## Required work
The entries below must be retyped exactly. Pictures are to be omitted.

## Dataset records
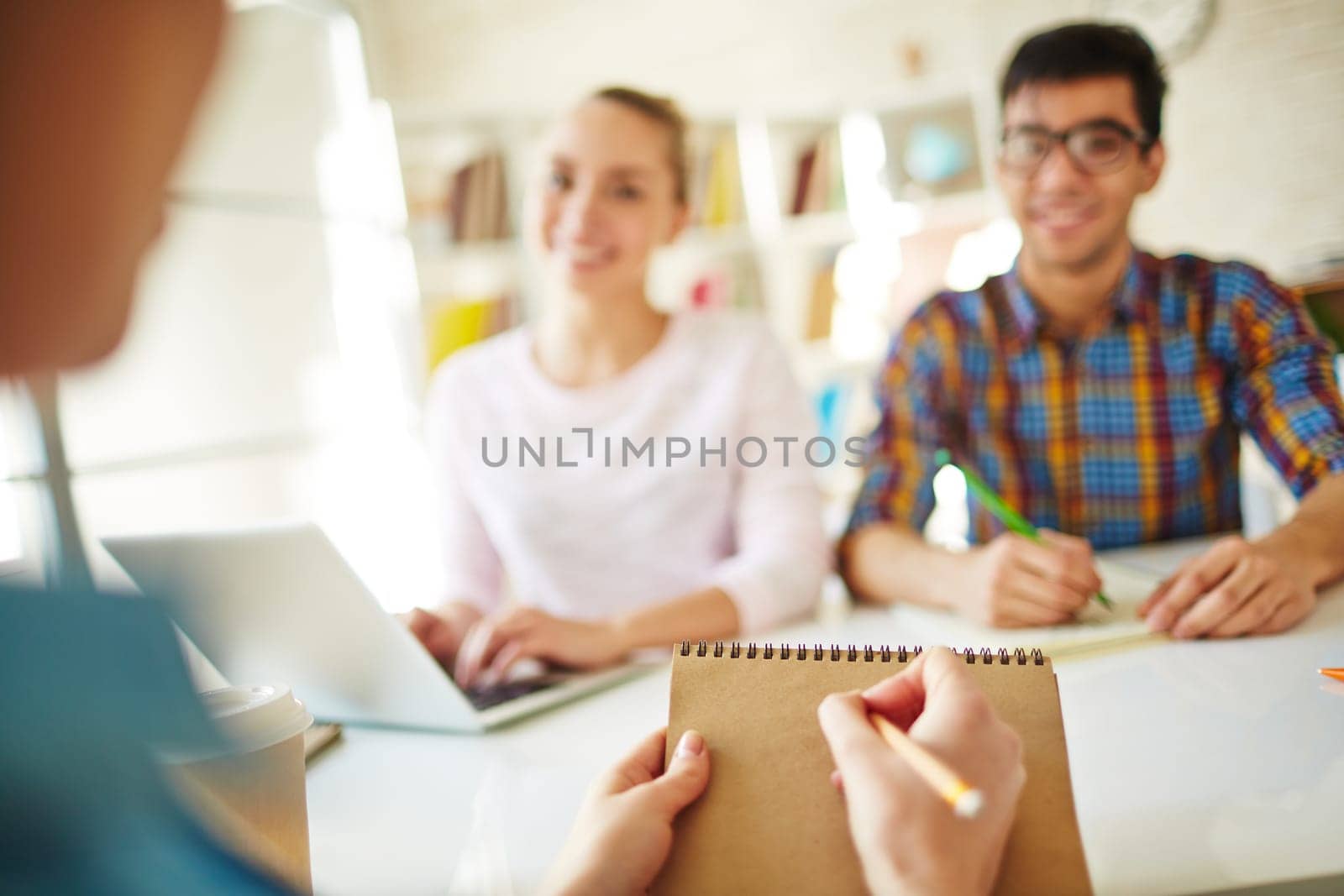 Student making notes in notepad with two groupmates in front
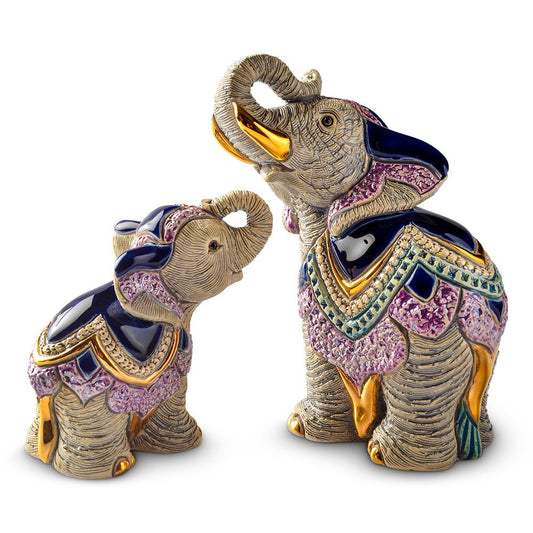 Hand‑carved elephant sculpture. Artisanal enamel elephant figurine. Small platinum‑accent animal figurine. Uruguayan handmade elephant statue. Gold‑trim elephant décor piece. Handcrafted and gift‑boxed for home décor or collector’s display.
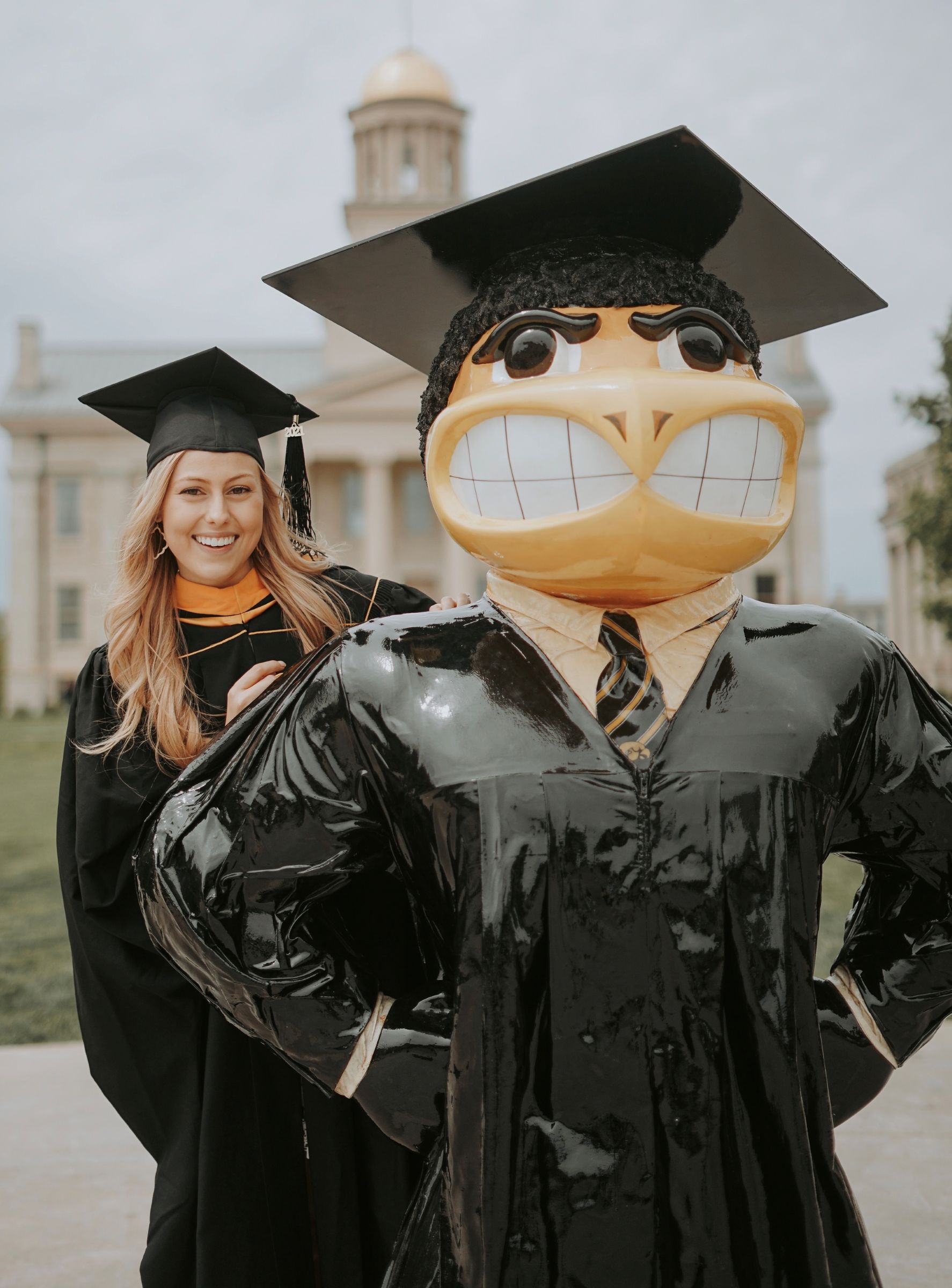 Woman in graduation gown poses with statue of Iowa mascot Herky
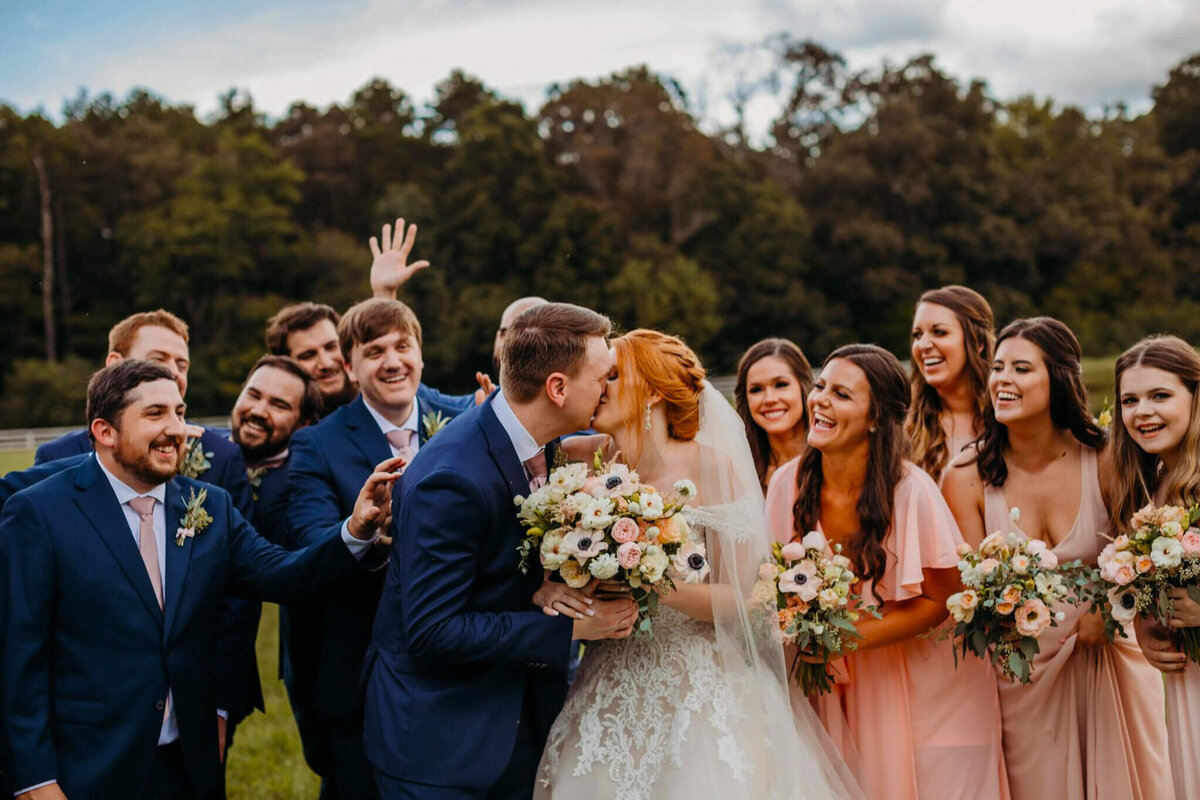 photo of a Bride and groom kissing and holding a bouquet while their wedding party smiles in navy suits and pink dresses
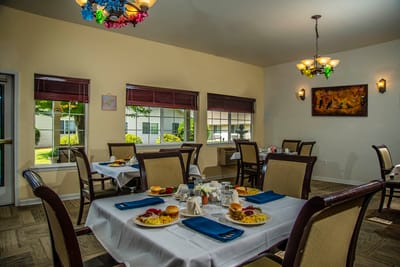 Dining area with tables set for a meal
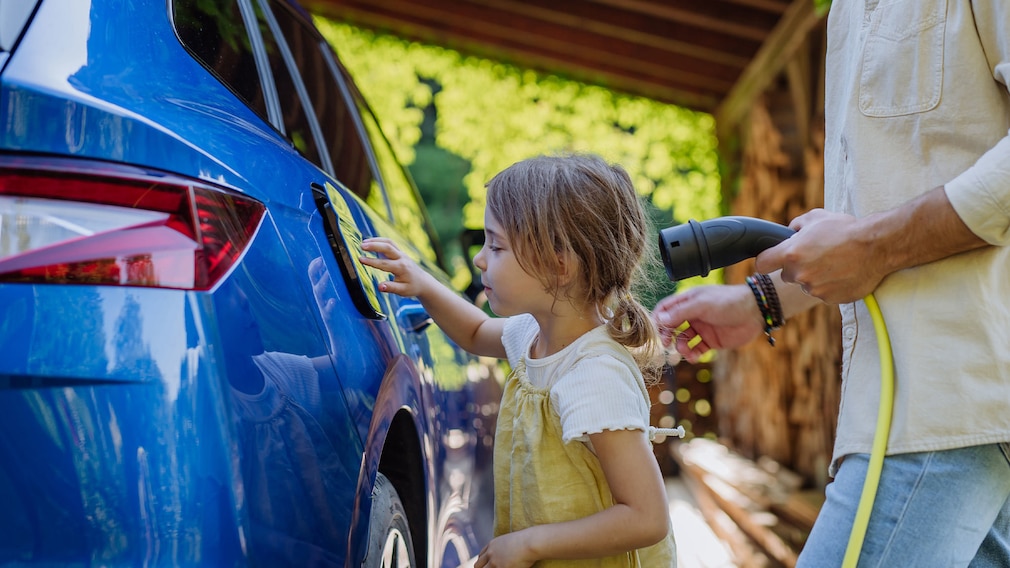 Erwachsener und Kind an einem E-Auto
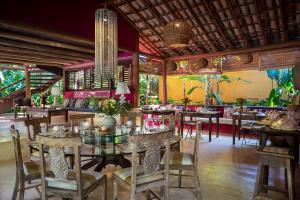 a restaurant with tables and chairs in a room at Pousada Hibisco in Trancoso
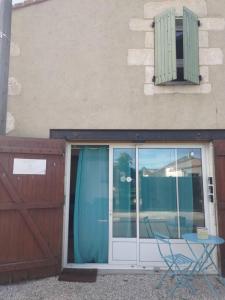 Puerta del patio con mesa y silla frente a un edificio en Au Clos des Figues, en Chambon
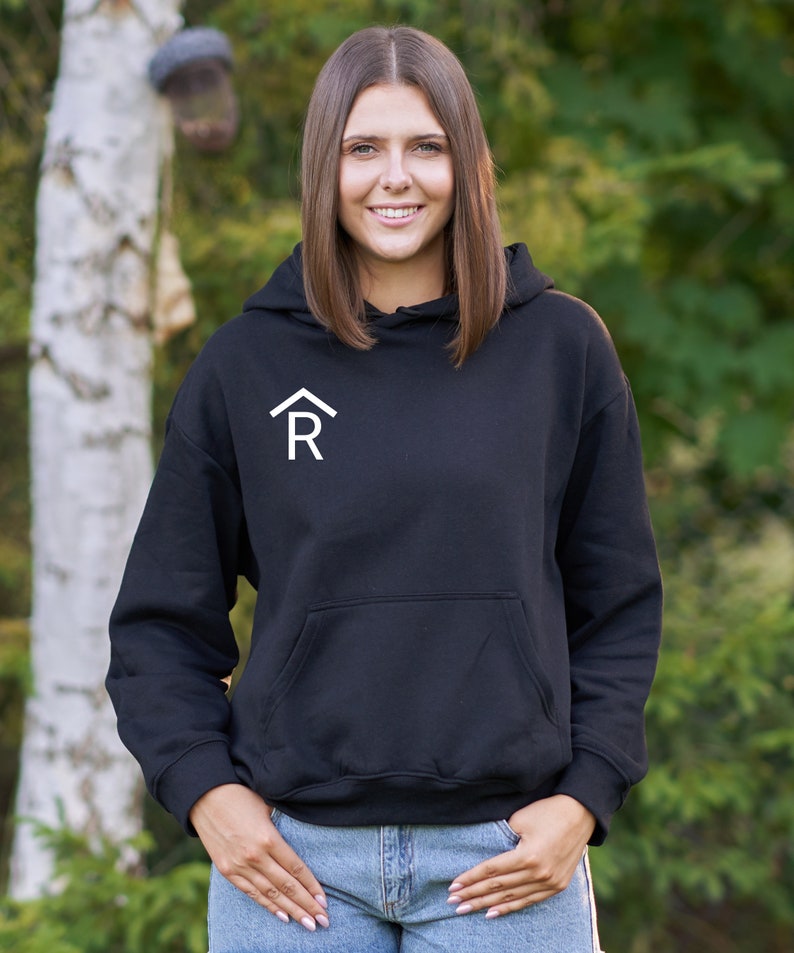 Puede incluir: Una sudadera con capucha negra con una letra "R" estilizada blanca dentro de una forma de casa en la parte delantera.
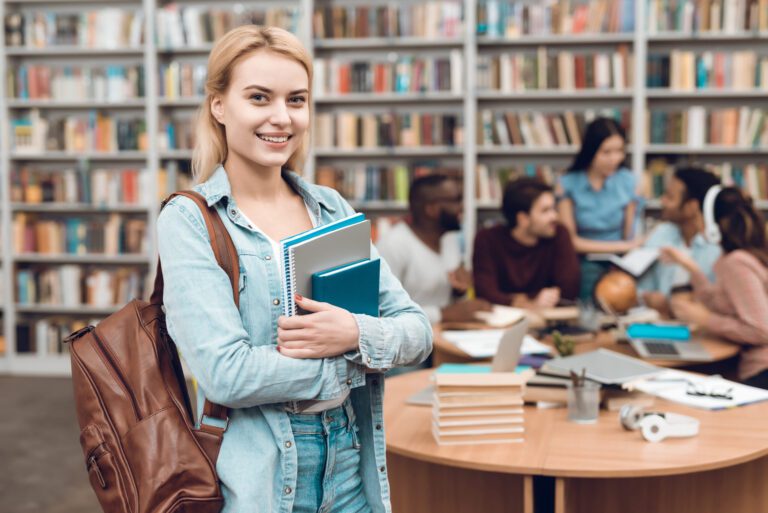 Group of ethnic multicultural students in library. White girl with notebooks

## Output of the task
 Student making notes in notepad with two groupmates in front
 Hand‑carved elephant sculpture. Artisanal enamel elephant figurine. Small platinum‑accent animal figurine. Uruguayan handmade elephant statue. Gold‑trim elephant décor piece. Handcrafted and gift‑boxed for home décor or collector’s display.
 Woman in graduation gown poses with statue of Iowa mascot Herky
 photo of a Bride and groom kissing and holding a bouquet while their wedding party smiles in navy suits and pink dresses
 Dining area with tables set for a meal
 Erwachsener und Kind an einem E-Auto
 a restaurant with tables and chairs in a room at Pousada Hibisco in Trancoso
 Puerta del patio con mesa y silla frente a un edificio en Au Clos des Figues, en Chambon
 Puede incluir: Una sudadera con capucha negra con una letra "R" estilizada blanca dentro de una forma de casa en la parte delantera.
 Group of ethnic multicultural students in library. White girl with notebooks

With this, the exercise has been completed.